The current exhibition on at the City Arts Centre is the collected works of Scottish artist’s William Gillies and John Maxwell. While the two men were distinctively different in style and story, their friendship and somewhat paralleling lifestyles provide an interesting and often overlooked angle on two names that have become so embedded in the anthology of Scottish Art.
Inspired partially by Munch, the intensity and drama in these paintings, and the immediacy a viewer can feel through them, is reason enough alone to visit. John Maxwell then became famous for his playfully surreal oil paintings, often with nude figures tucked away in a right-hand corner or behind a flowerpot, created in vivid reds and oranges and golds.
The exhibition is unique in its careful treatment of the artists’ friendship. The chronological layout tells the story well; starting on the first floor, with Gillies’ abstract and adventurous water colours and moving through to Maxwell’s early dabbling in abrasive canvas works. The paintings are interspersed with holiday pictures documenting the progression of their friendship. Walking around, one can see landscapes the artists visited together from each set of eyes.
Moving up to the second floor, to the exclusive and rarely seen Fletcher Collection; one is able to pick out the ways in which the two artists have influenced each other, and the ways in which they remain resolutely separate.
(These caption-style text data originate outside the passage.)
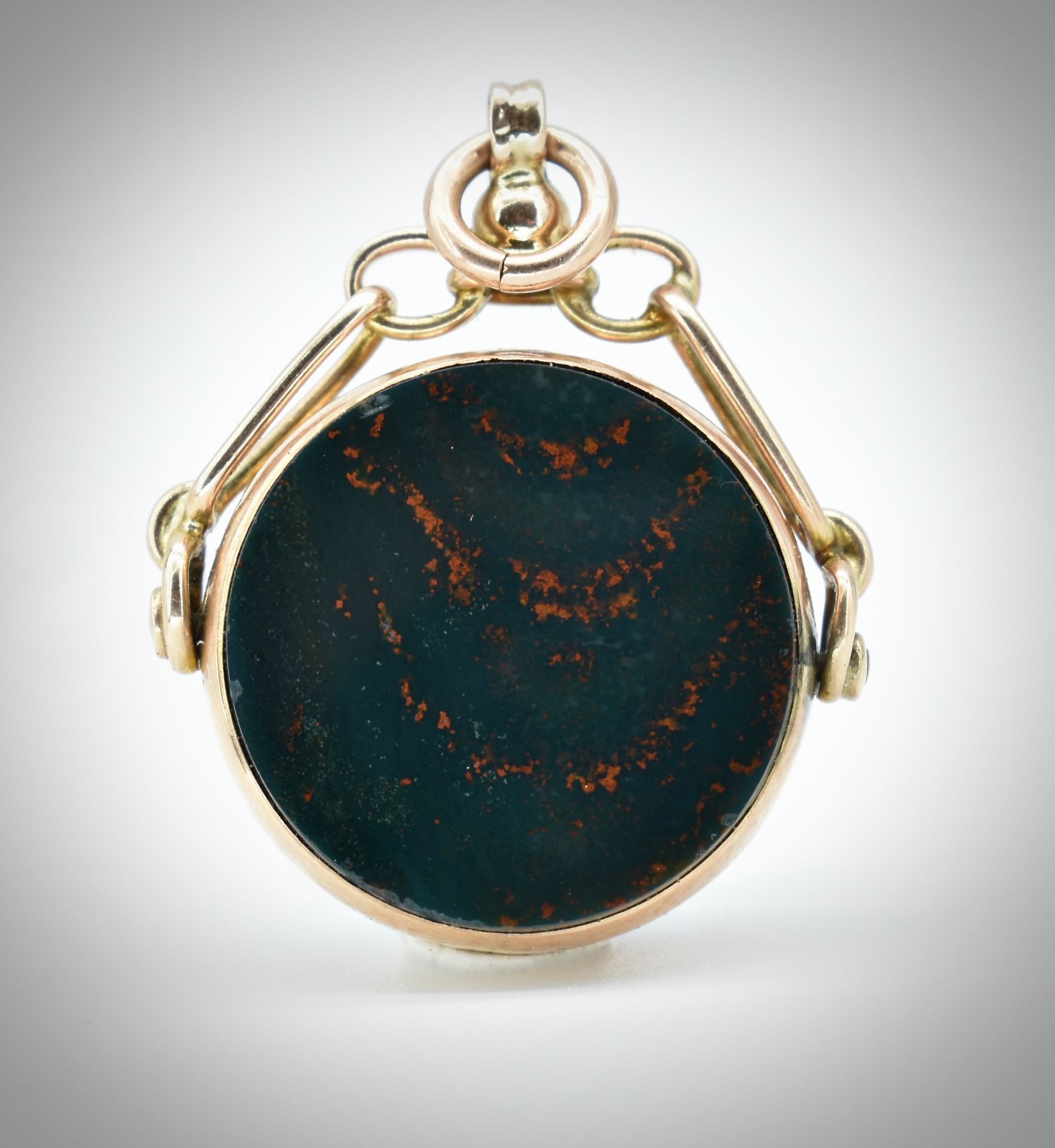 9ct Gold & Bloodstone Agate Fob Swivel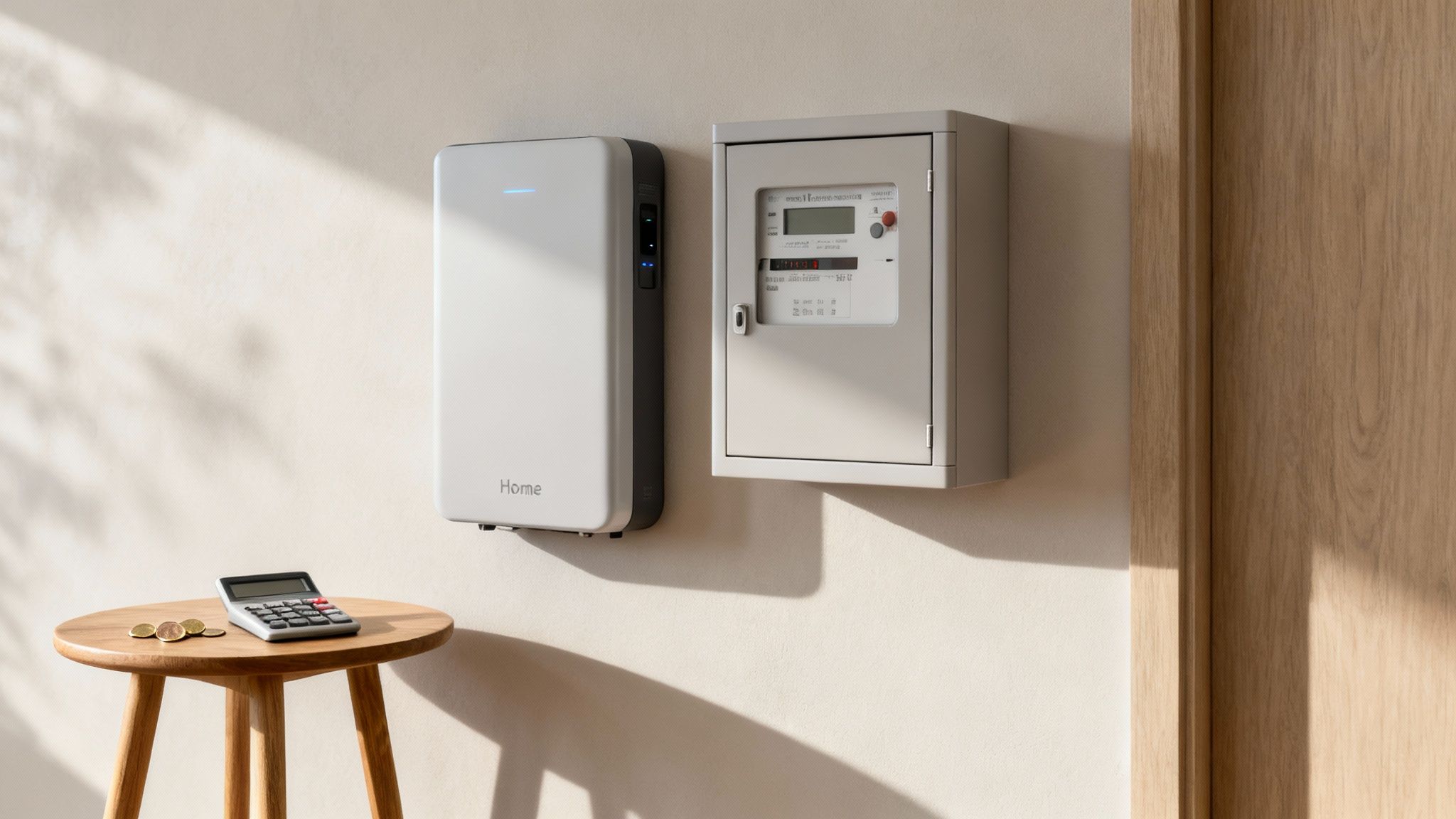 Een thuisbatterij en slimme meter aan de muur, met rekenmachine en munten op een bijzettafel.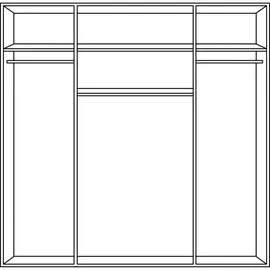 WIMEX Drehtürenschrank Cottbus 180 x 199 x 58 cm Grau/Weiß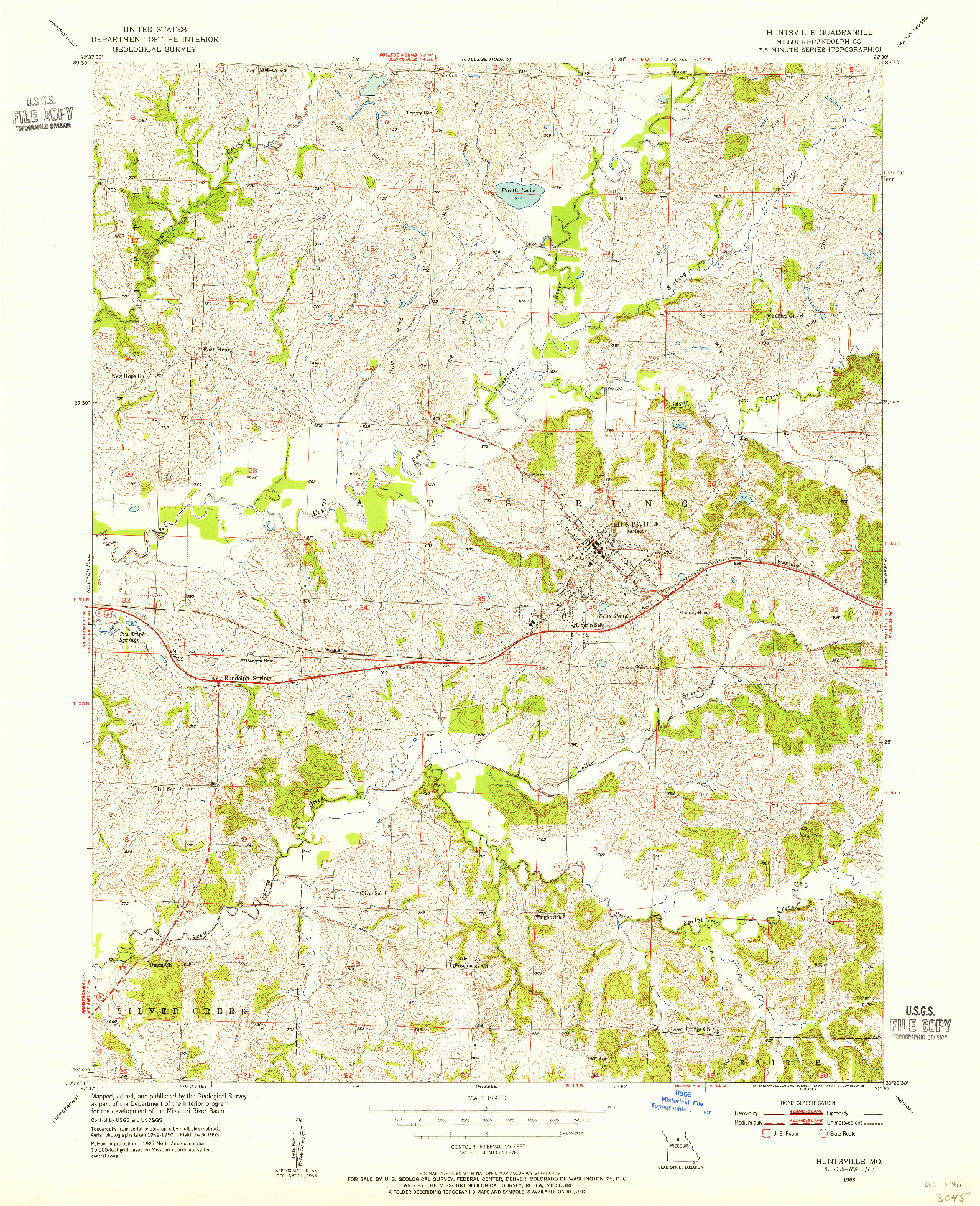 USGS 1:24000-SCALE QUADRANGLE FOR HUNTSVILLE, MO 1953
When the men both took up gardening in their old age, one will be amused to watch as the bare branches of Gillies’ trees break through the lines of his airy and bright living room window, in an excitingly urgent way; while Maxwell’s garden, wild and dark, sits behind a neat vase of freshly cut green flowers in his own shadowy and cluttered living room.
Parallel but different, equal but separate, each artist’s collection on its own would be worth a visit, but put against each other, the City Art Centre has created a collection quite riveting.
At City Art Centre, Until 23rd October.